- **SOURCE DATA**:
--------

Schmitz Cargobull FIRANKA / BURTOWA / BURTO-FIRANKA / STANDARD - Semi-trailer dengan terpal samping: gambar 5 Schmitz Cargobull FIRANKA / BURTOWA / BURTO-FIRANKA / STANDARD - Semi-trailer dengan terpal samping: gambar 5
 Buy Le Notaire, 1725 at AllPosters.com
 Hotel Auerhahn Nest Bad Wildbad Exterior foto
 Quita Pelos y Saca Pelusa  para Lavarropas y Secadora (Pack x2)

--------

- **BRIEF**: Output the data above exactly, please, line for line.

- **ANSWER FOR THIS EXERCISE**:
Schmitz Cargobull FIRANKA / BURTOWA / BURTO-FIRANKA / STANDARD - Semi-trailer dengan terpal samping: gambar 5 Schmitz Cargobull FIRANKA / BURTOWA / BURTO-FIRANKA / STANDARD - Semi-trailer dengan terpal samping: gambar 5
 Buy Le Notaire, 1725 at AllPosters.com
 Hotel Auerhahn Nest Bad Wildbad Exterior foto
 Quita Pelos y Saca Pelusa  para Lavarropas y Secadora (Pack x2)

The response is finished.